Capability Evaluations

Language models’ performance on standard benchmarks fails to adequately capture their real-world capabilities in at least three ways. First, many of these benchmarks do not measure the abilities that truly matter in practical applications. Second, language models are opaque; different probing techniques can elicit competencies that are not apparent when using naïve prompts. Finally, most benchmarks overlook the real-world contexts in which these models will be deployed. External “scaffolding” such as access to online tools and conditioning on detailed protocols may either dramatically enhance or barely affect a model’s performance, depending on the context.

These nuances imply that determining a language model’s true capabilities can be complex.
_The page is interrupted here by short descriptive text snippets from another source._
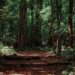 Reconnecting with Nature: Addressing the Environmental Crisis Rooted in Industrialization and Materialism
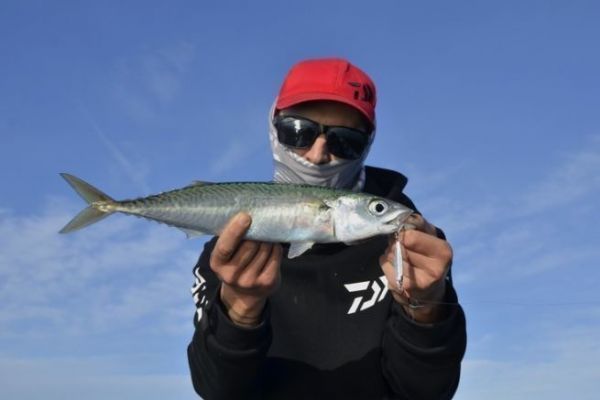 Spanish mackerel lure fishing on Mediterranean hunts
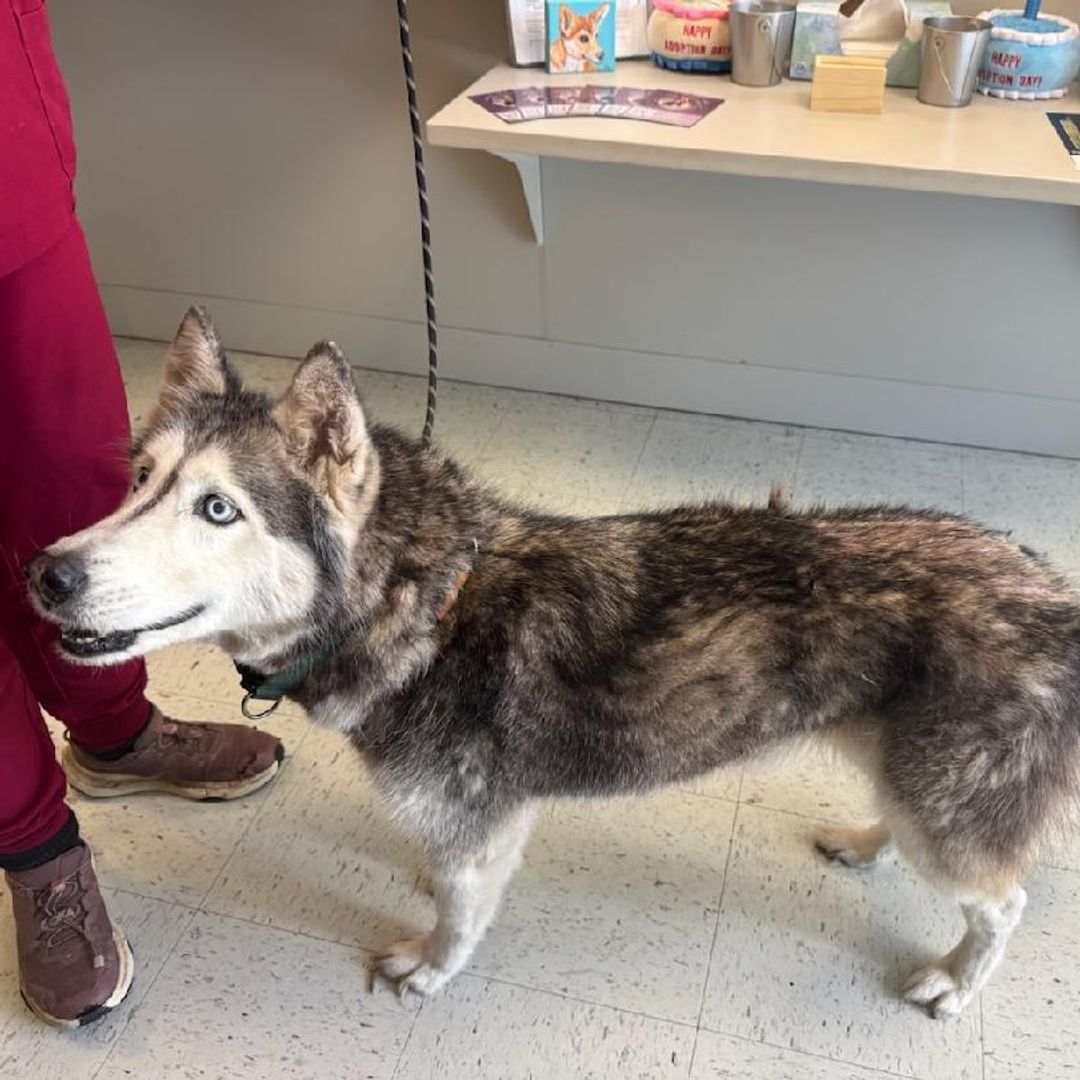 El milagro de Sierra, la husky que volvió a su casa 12 años después de desaparecer siendo una cachorra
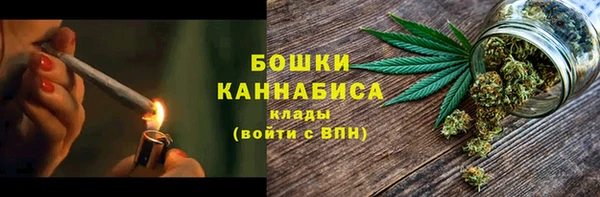 прущие грибы Гусев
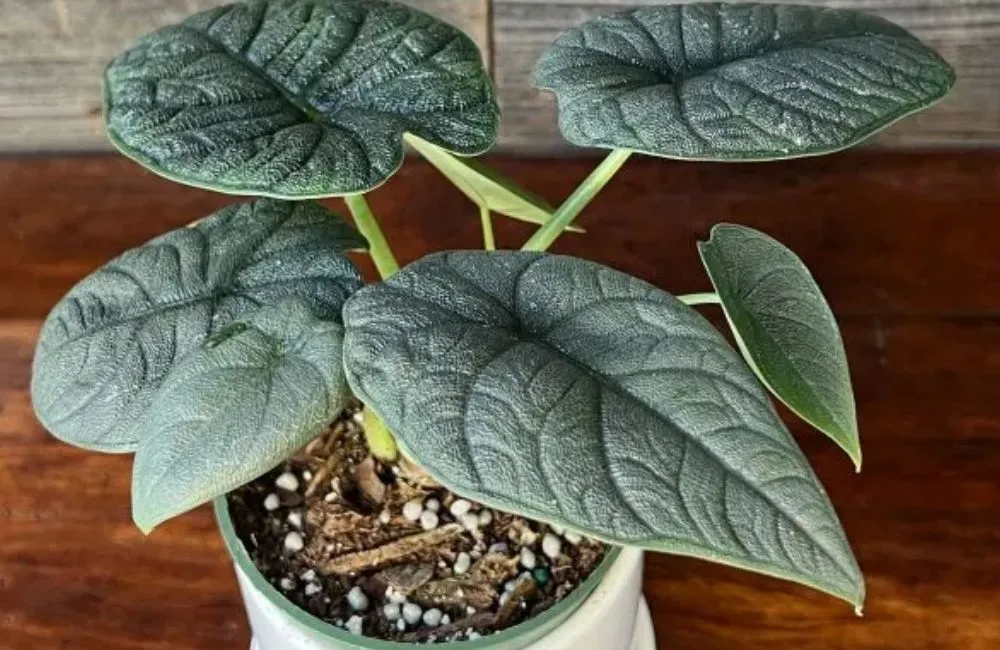 Phân loại Alocasia Melo cấy mô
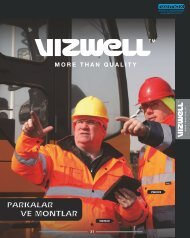 vizwell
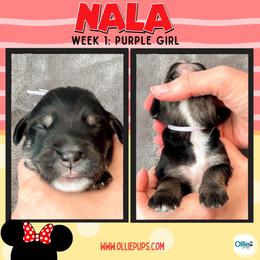 Nala (Purple) - female Golden Mountain Doodle puppy in Boiling Springs, South Carolina from OlliePups, LLC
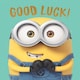 image 3 of Despicable Me Good Luck Card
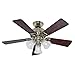 Hunter Fan Company 53080 The Beacon Hill 42-Inch Ceiling Fan with Five Rosewood/Medium Oak Blades and Light Kit, Bright Brass
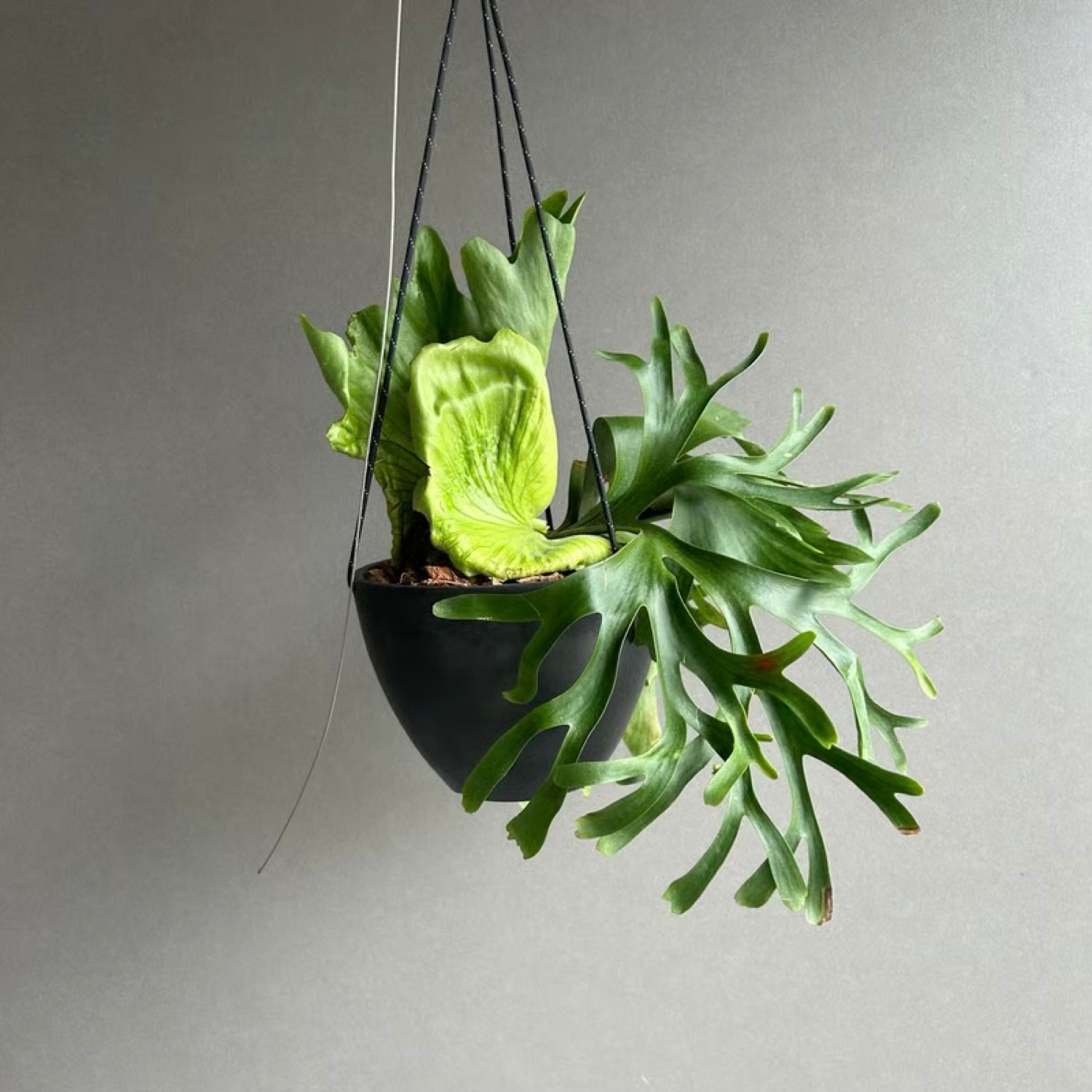 ビカクシダ コロナリウム “タオ ビン” Platycerium coronarium “Tao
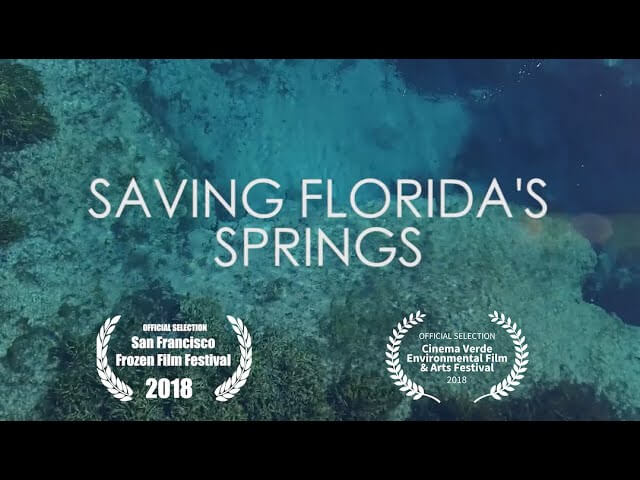 The Global Connection: Saving Florida's Springs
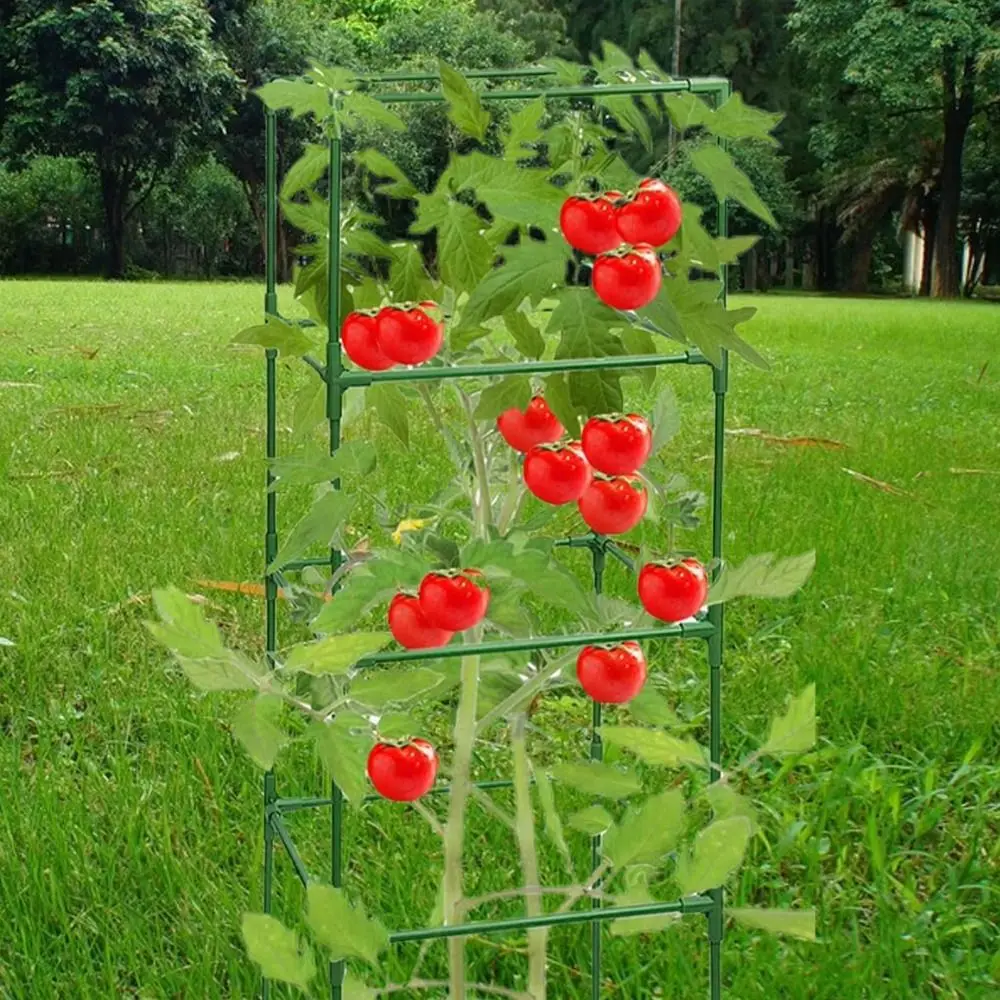 Durable Plant Climbing Trellis Heavy-Duty Steel Space-Saving Tomato Cages Square Design Easy Assembly Vegetable Trellis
Overestimating a model’s competence in a particular area can lead to harms from the model being deployed in a context for which it is unsuited. Underestimating capabilities can also be perilous, particularly if dangerous capabilities are exploited by malicious actors or autonomous systems pursuing seemingly benign objectives. Addressing these issues is vital and requires careful information management to prevent enabling nefarious activities.

Modulo Research is pioneering a robust agent architecture to enable a more realistic understanding of a given model’s capabilities, limits, and potential risks. By understanding the shortcomings of current systems and filling in the gaps with a combination of technical innovations and simulation, we aim to provide companies, AI labs and policymakers with a more accurate view of what may be coming down the pike.